Die Krise der 70er Jahre war eine Krise der Profitabilität des Kapitalismus (der Gewinn sank zu stark). Lösung war eine Konversion(Umwandlung), ein Umbau zu einem exportorientierten Modell. Heute haben wir eine Krise der Kapitalakkumulation(Ansammlung und Konzentration von Kapital) und es wird eine restaurative Politik betrieben(die Politik versucht, den Zustand vor der Krise wiederherzustellen). Damit gibt es keine Möglichkeit einer Erneuerung. Die herrschende Macht ist an keiner systemüberwindenden Lösung interessiert. Sie führt nur korrigierende Maßnahmen durch. Dies führt wiederum zu einer Verlängerung der Krise. Zur Lösung der Probleme muss die Kontroll- und Handlungsfähigkeit wiedergewonnen werden.

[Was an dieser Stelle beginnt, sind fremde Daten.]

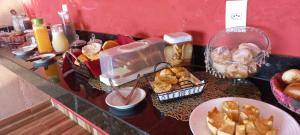 卡皮托利乌Pousada Morada dos Pássaros的自助餐,包括面包和糕点在柜台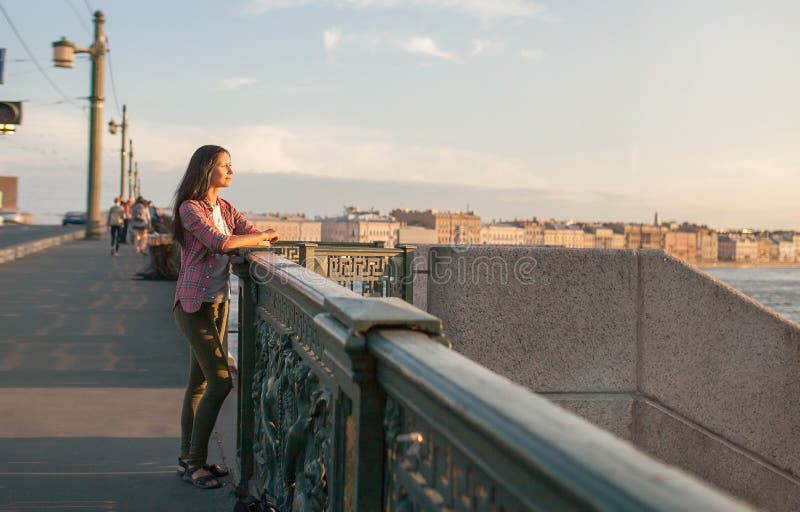 An informal-looking girl . sitting on the bridge in the morning in the city, meditating, relaxing and dreaming. the concept of travel, personal harmony and personal growth, peace of mind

Während der Krise wurde von Seiten der Politik versucht, die Profitabilität wiederherzustellen, damit ging eine Schwächung der Gewerkschaften einher und eine gigantische Umverteilung von unten nach oben. Es findet sich aber kein neuer „Weltstaubsauger“ nach dem Beispiel der Verschuldungsökonomie der USA, die so lange funktionierte. Es geht darum, erstens die Umverteilung umzudrehen und zweitens eine Binnenzentrierung vom Globalen zum Lokalen zurück zu erreichen. Es besteht eine Tendenz zur Restauration(Wiederherstellung des alten Zustands). Frau Merkel sagte, der Zustand vor der Krise müsse wiederhergestellt werden. Dazu sagte Gramsci „die einfachen Bevölkerungsschichten sind träge, sie haben keinen Apparat, der sie bei der Durchsetzung ihrer Interessen unterstützt, die führenden Klassen reagieren wegen bezahlter Spezialisten schneller. Eine Krise birgt Elemente der Lösung, aber wer herrscht, hat die Macht, die Lösung zu stoppen und damit die Krise zu verlängern, aber nicht, sie zu überwinden.“
„Green New Deal“ ist ein altes Konzept, in dem versucht wurde, bündnispolitisch die „neuen Mittelschichten“ mit der Linken zu verbinden. Dazu wurden pragmatische „Cross over“- Kongresse abgehalten Heute gibt es ein UN-Programm mit einer abgespeckten Variante, in der eine Verschiebung weg vom Konzept eines Bündnisses, stattdessen mit einem Clustermanagement mit Unternehmen an der Spitze favorisiert wird. Es besteht die Gefahr, wieder das Exportmodell Deutschland zu beschwören und damit weiter das strukturelle Problem der Asymmetrie der Weltwirtschaft zu behalten.
Diskussion:
Giegold stellt fest, dass beide nicht sehr weit auseinander liegen.
Beide konstatieren eine systemische Krise des Kapitalismus.
Giegold setzt auf Investitionslenkungen durch Förderprogramme. Er will keine Vergesellschaftung, weil es schneller gehen muss, setzt auf Ökonomie, braucht Partner für den Umbau. „Wir können nicht warten, bis die Menschen ein anderes Bewusstsein haben.“
Röttger sieht die Gefahr einer technokratischen Lösung. Es geht um die Frage der Kontrollrechte. Demokratie am Arbeitsplatz bedeutet nicht nur, Einfluss zu nehmen, was produziert wird, sondern auch, wie wir produzieren wollen.